Feedback Needed on a New Control Strategy for Brown Marmorated Stink Bug

A newly established species of parasitoid wasp may help control stink bug populations, but researchers need your input. Please complete their short survey.
Feedback Needed on a New Control Strategy for Brown Marmorated Stink Bug - News

Updated: October 10, 2018

Feedback Needed on a New Control Strategy for Brown Marmorated Stink Bug

Tiny wasps like this native species (Trissolcus brochymenae) lay their eggs in eggs of stink bugs, killing them and helping control their populations. Photo credit: Hillary Morin, Penn State

I am sure most readers will recall from a few years back the large populations of brown marmorated stink bugs (BMSB) that we endured in our homes and fields. For the most part, large populations of BMSB have settled to the south of Pennsylvania, but the insect species remains here and will likely continue to be occasionally problematic for farmers.

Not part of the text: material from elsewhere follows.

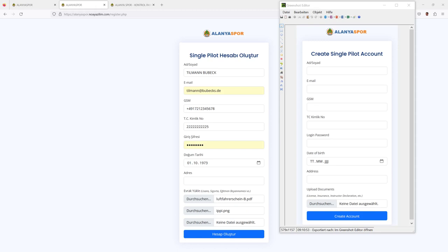This is your IPPI card or your license to fly. When you have all these data attached, you press the create account button, which will send all the information to the webpage owner, to Alanya Sport. And they will check whether all of your documents are valid. I would propose that you do this before you go to the flying site, at home, in order to have everything prepared.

Because of it damage potential, researchers continue to study BMSB and options for controlling it. In 2014, a tiny parasitoid wasp was discovered in North America that attacks BMSB eggs. The parasitoid, known as the samurai wasp, was unintentionally introduced to the United States, but now attacking stink bug populations and have been reported attacking BMSB eggs in ten U.S. states, including Pennsylvania, Maryland, New Jersey, and Virginia. Thus far, most detections of the samurai wasp have been in woodlands and not in agricultural systems, perhaps due to higher abundance of nectar in these more natural habitats. Adult wasps will feed on nectar, and wasps that have access to a reliable source of sugar can live longer and provide better control of their hosts.

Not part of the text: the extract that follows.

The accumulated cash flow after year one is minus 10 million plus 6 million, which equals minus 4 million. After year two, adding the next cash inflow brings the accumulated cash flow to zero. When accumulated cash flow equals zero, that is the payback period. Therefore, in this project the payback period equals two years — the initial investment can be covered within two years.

To understand the potential of improving control of BMSB, extension entomologists based at Rutgers and University of Missouri are planning to test the value of insectary strips near crop fields and orchards to determine if these plantings help bolster samurai wasp populations and improve the control they can provide. The researchers would like grower feedback in the short survey below to help advise their research goals. The survey will be available until October 19, 2018.

Please consider taking a minute or two to answer their short survey (8 multiple-choice questions).


Insect ecology Plant-insect interactions Conservation biological control Chemical ecology Gall insects

More by John Tooker, Ph.D.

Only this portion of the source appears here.